“Sono comuni le cose degli amici” di Matteo Nucci
di Dario De Cristofaro / 14 giugno 2010
Sono comuni le cose degli amici (Ponte alle Grazie, 2010), romanzo d’esordio di Matteo Nucci, è un libro decisamente onirico, fatto di suggestioni, ricordi e intuizioni quasi ossessive, che catturano in profondità l’animo del lettore, trascinandolo in un sentimento di familiare compassione, come accade solo nelle narrazioni dei grandi scrittori. Attraverso un sapiente gioco a incastro, fatto di dialoghi, a volte appena sussurrati, e di descrizioni minuziose, capaci di risvegliare sensazioni sopite, Nucci ricostruisce una serie di rapporti umani cogliendoli nella loro straziante bellezza e drammaticità.
Tutto ha inizio con una veglia funebre: la morte improvvisa del padre diventa per Lorenzo, il protagonista, un pretesto quasi ossessionante per riconsiderare la propria vita vissuta, con i suoi legami, le sue amicizie e i tradimenti. Così, in una sorta di elaborazione mal riuscita del lutto, gradualmente si fanno spazio nella mente del protagonista dubbi esistenziali, sospetti insoluti e una particolare attenzione per la figura paterna, sempre presente ma mai davvero compresa. La storia, costruita in tre parti legate tra loro dal sottile filo del dubbio, si dipana in una coralità di personaggi che alimentano, di volta in volta, inconsapevolmente, le ossessioni e le fobie di Lorenzo, il quale sembra accorgersi solo adesso di quale sia il reale volto delle cose.

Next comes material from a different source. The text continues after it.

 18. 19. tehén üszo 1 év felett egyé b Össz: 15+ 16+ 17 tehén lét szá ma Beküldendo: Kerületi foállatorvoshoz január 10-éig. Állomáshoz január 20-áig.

Il finale aperto non lascia scampo tanto al protagonista, quanto al lettore stesso, incastrato, ormai, anch’egli negli angustianti sospetti che neppure il dialogo conclusivo con la madre, figura quasi sacra, sembra sopire.

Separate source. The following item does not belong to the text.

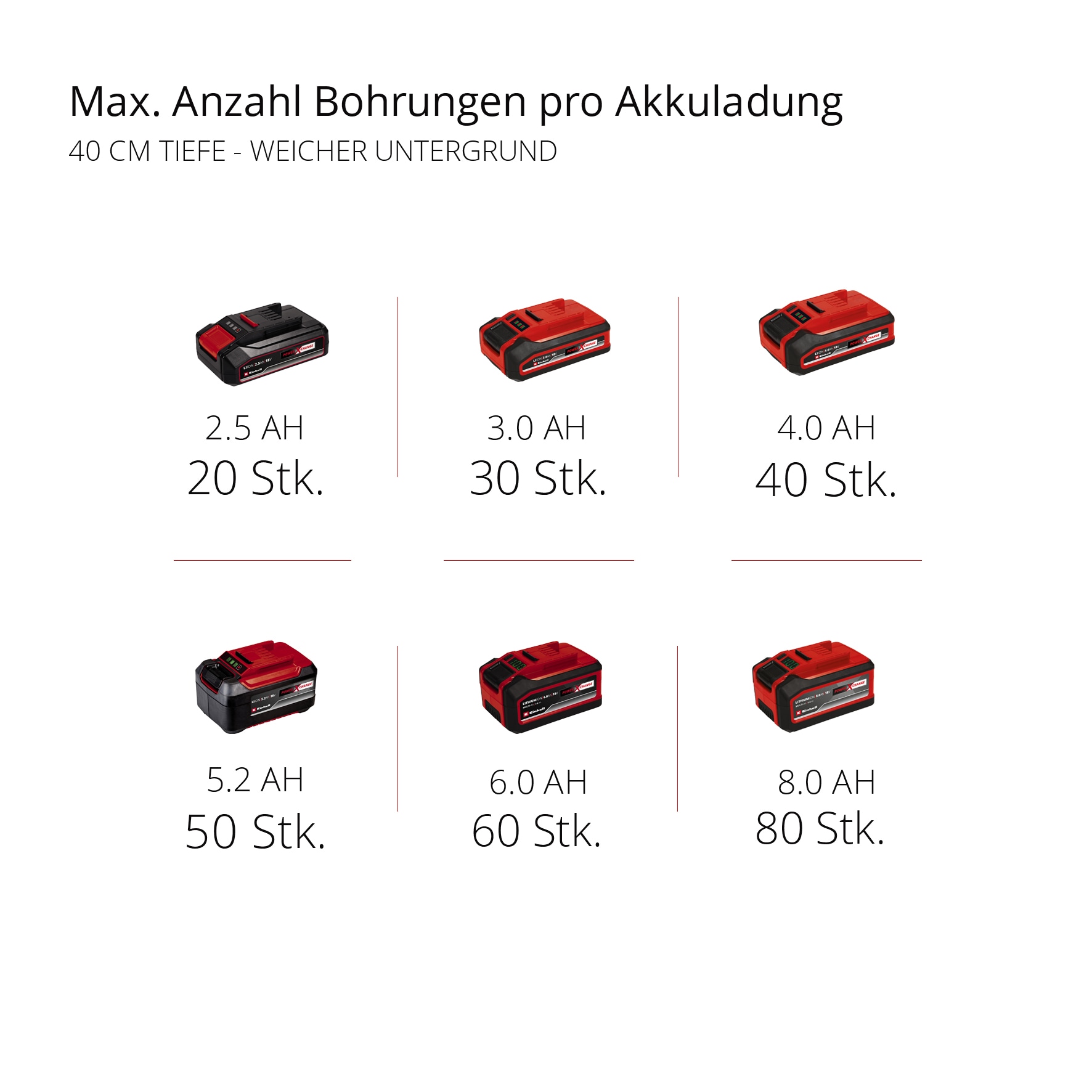 Einhell Erdbohrer »GP-EA 18/150 Li BL-Solo« ohne Akku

Nucci riesce, dunque, a costruire un romanzo intimistico-esistenziale, in cui ogni certezza, anche la più scontata, sembra avere una metà oscura, e in cui il vero e unico protagonista diventa il dubbio, nutrito da parole e gesti corali, solo in apparenza dettati dal caso. In un costante puzzle di emozioni, percezioni e ricordi, l’autore porta avanti una narrazione basata soprattutto sulla descrizione; una descrizione mai banale e scontata, ma in grado, invece, di rievocare nel lettore sensazioni vive e profonde. Nucci ricrea, così, un’atmosfera quasi surreale, a tratti alienante, in cui il protagonista, seguito a ruota dal lettore, si perde, tralasciando ogni cosa, pur di riafferrare il senso del passato, il significato ultimo dei rapporti umani. E nasce allora spontaneo nella mente del lettore più attento il richiamo al racconto-capolavoro di Beppe Fenoglio, Una questione privata, e al partigiano Milton perso dietro al suo dubbio amoroso a tal punto da rischiare la vita stessa.

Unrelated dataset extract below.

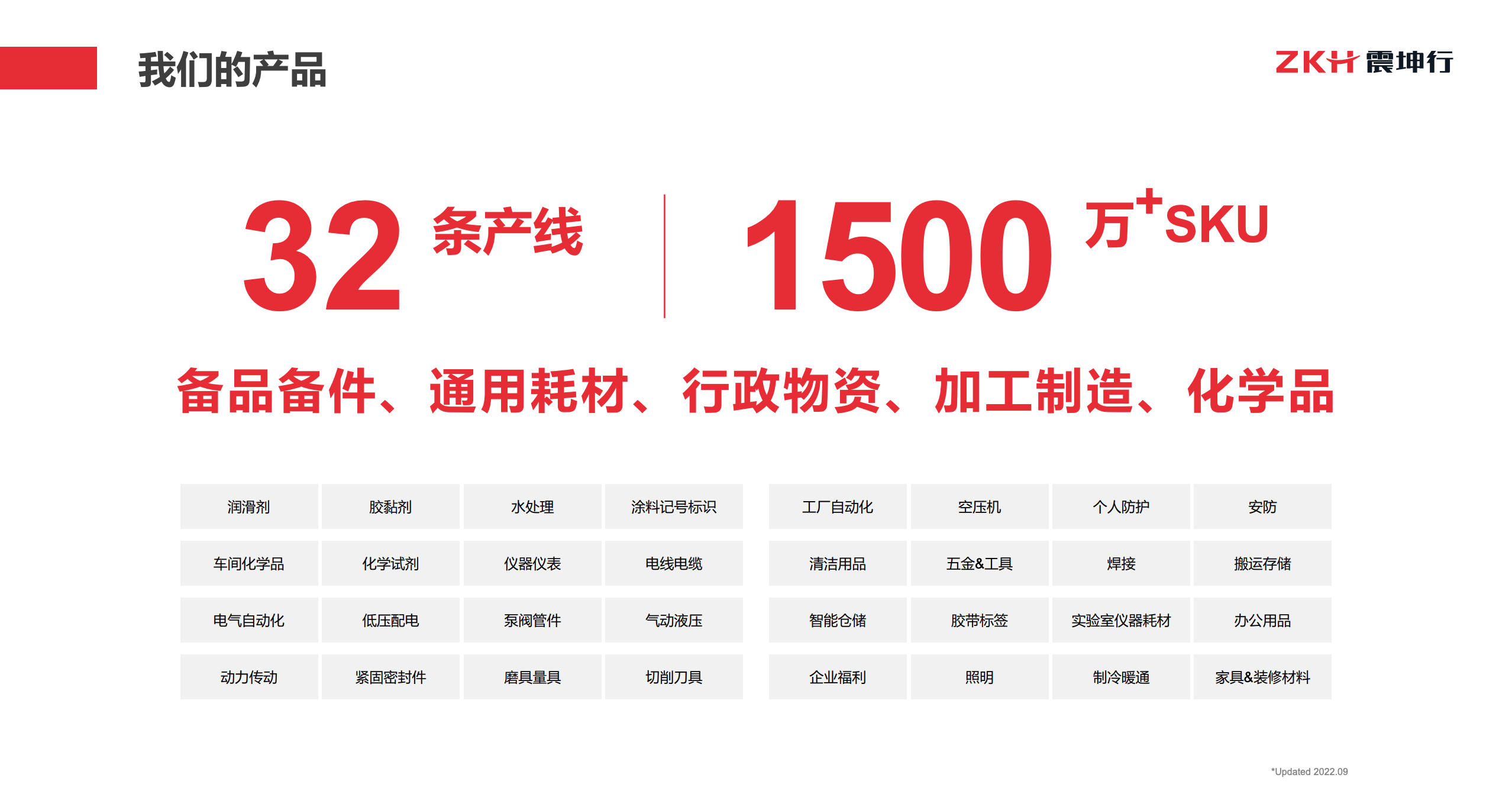 中国数字化工业用品服务平台IPO：震坤行工业超市 ZKH Group(ZKH)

Sono comuni le cose degli amici si rivela essere, in definitiva, un romanzo ben orchestrato, portato avanti attraverso continui flashback, a volte descrittivi, a volte dialogati, intrecciati tra loro come in un lungo sogno, nel quale si percepisce appena quale sia la verità delle cose, ma non se ne raggiunge mai la piena consapevolezza.